A number of candidate countries for membership in the European Union made progress toward that aim in talks this week in Brussels. It was the first round of accession talks held under new president Denmark. EU diplomats said the talks helped to "clear the table" before discussions on the costs of enlargement -- expected to be very difficult -- begin in October.
Brussels, 31 July 2002 (RFE/RL) -- The first round of European Union enlargement talks held under the EU's current Danish presidency went a long way toward tying up loose ends before difficult negotiations on the costs of enlargement begin this autumn.
The talks between current EU members and the 10 leading candidates took place on Monday and Tuesday in Brussels.
Wrapping up the talks, Denmark's EU envoy Poul Skytte said the EU and the candidates collectively managed to agree on seven additional areas of EU law, leaving in total just eight nonfinancial chapters open for discussion.
Two financial chapters, on agriculture and the budget, remain open for all of the candidates and cannot be addressed before late October, when the results of Germany's September elections become clear.

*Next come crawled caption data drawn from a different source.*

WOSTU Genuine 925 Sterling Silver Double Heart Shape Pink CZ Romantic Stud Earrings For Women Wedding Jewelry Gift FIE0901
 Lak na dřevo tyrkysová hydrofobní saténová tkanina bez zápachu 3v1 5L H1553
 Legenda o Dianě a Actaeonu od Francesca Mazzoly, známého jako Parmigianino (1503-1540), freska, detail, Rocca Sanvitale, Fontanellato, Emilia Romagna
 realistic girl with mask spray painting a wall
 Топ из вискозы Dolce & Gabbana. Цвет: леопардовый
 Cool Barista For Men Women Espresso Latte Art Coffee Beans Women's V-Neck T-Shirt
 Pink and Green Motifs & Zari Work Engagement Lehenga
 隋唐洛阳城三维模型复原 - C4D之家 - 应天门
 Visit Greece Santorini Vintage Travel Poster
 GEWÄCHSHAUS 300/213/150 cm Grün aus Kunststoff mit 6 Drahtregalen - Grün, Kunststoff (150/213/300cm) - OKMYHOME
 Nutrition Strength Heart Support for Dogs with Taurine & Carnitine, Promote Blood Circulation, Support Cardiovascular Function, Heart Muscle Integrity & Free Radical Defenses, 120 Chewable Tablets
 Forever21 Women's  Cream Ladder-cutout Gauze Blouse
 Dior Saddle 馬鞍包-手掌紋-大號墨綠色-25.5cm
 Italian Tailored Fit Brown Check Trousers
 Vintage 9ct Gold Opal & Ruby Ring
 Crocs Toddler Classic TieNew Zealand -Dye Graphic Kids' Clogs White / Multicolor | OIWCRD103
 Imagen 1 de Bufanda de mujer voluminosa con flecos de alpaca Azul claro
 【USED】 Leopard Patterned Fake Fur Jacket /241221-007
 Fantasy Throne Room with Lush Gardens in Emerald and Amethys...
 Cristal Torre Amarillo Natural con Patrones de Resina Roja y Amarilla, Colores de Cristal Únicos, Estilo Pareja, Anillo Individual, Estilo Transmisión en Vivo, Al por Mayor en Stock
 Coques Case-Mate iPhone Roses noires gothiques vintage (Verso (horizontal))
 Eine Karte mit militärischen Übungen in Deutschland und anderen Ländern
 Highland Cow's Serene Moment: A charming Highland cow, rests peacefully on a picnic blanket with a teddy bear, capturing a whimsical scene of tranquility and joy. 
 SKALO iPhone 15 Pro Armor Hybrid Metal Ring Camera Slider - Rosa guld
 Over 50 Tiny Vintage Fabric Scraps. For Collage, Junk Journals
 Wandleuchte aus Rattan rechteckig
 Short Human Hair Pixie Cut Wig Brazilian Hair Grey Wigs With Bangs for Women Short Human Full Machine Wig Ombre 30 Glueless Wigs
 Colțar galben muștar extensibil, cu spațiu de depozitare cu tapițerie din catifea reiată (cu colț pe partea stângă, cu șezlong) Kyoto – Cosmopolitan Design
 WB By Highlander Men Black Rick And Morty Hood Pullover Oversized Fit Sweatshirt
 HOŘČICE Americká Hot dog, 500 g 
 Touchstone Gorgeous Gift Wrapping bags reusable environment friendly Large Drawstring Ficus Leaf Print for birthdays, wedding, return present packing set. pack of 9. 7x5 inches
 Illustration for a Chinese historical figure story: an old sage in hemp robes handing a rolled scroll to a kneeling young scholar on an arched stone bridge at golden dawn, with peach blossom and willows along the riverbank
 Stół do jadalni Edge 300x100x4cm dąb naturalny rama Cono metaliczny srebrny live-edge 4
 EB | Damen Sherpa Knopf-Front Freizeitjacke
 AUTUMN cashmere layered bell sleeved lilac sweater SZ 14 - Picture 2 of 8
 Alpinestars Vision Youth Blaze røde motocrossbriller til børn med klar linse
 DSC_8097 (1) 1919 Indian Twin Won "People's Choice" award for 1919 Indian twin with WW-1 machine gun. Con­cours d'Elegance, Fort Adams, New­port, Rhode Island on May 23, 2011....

Skitte singled out Hungary, Estonia, and Poland for closing especially difficult chapters. "When we took over from the Spanish presidency [on 1 July], I think we had 15 -- taking the 10 countries together -- 15 chapters which had not yet been closed. We have been able during this session to close about half of these chapters, seven chapters in all in various areas: regional policy for four countries, culture and audiovisual [policy] for Hungary. Of course, all of these closures are important, but if I should take out two closures which I consider of particular importance, I would mention energy with Estonia and justice and home affairs with Poland," Skitte said.
Central to Estonia's long-delayed closure of the Energy Chapter was success in having the EU recognize oil-shale as a "unique energy carrier." Oil shale (rock sediment containing organic matter that can be burned as fuel) yields 90 percent of Estonia's electricity but is not mined anywhere else in the EU or the candidate countries.
Estonia's chief negotiator, Alar Streimann, said Estonia had won a 10-year transition period before it must open its energy markets to EU competition. The delay is necessary for restructuring Estonia's noncompetitive energy market. The deal was described by Streimann as a remarkable victory. "We will have 10 years to decide ourselves how to develop our energy sector. This is a very important economic advantage for us, it is also an advantage in terms of [energy] security -- the development of the entire energy package is in our own hands," Streimann said.
Poland's closure of the Home Affairs Chapter removed one of the biggest obstacles from its path before the negotiations over the financial package. Poland was the last candidate country to close this chapter because of heightened EU concern over the security of its eastern border.
Poland's chief negotiator, Jan Truszczynski, said his country's problems were the same as faced by other candidate countries, but said Poland's size meant it needed to do more to earn the trust of EU member states. "If there is a difference, then the difference as usual is in size. Poland is a slightly larger country [than other candidates] as far as the territory is concerned, a big country with a slightly longer, or much longer, external [non-EU] border than the other candidate countries -- and a country which therefore probably needs a bit more trust and confidence from the current member states," Truszczynski said.
Denmark's Skitte, who oversaw the talks, said the EU had agreed to close the Home Affairs Chapter after Poland undertook "a number of commitments," among them to increase the number of border guards on the eastern border and replace conscripts with professional staff by 2006.
EU officials said Poland can expect to join the EU's visa-free Schengen regime in 2006. Until then, its citizens -- like those of other new members -- will need to carry passports to travel in the EU.
After Tuesday, Estonia, Lithuania, Slovenia, and Cyprus have closed all but the two financial chapters. Poland, together with Hungary, the Czech Republic, and Malta face another tough hurdle in the form of the Competition Chapter, where state subsidies, restructuring heavy industry, and the status of free economic zones remain hotly contested issues.
Eneko Landaburu, the European Commission's top civil servant in charge of the enlargement, warned this week of what he called "undeniable obstacles" still remaining regardless of the progress. Aside from the competition chapter, he said discord among member states over how enlargement should be financed threatens delays.
Another potential snag is Ireland's second referendum on the Nice treaty, expected to take place in October. Landaburu said if Ireland rejects the treaty again, the fallout could seriously affect enlargement.
After talks this week, Cyprus, Estonia, Lithuania, and Slovenia have closed 28 of the 30 chapters, followed by Latvia and Slovakia with 27, Hungary and Poland with 26, the Czech Republic with 25, and Malta with 24.
Bulgaria and Romania -- aiming for accession in 2007 -- have closed 21 and 13 chapters, respectively.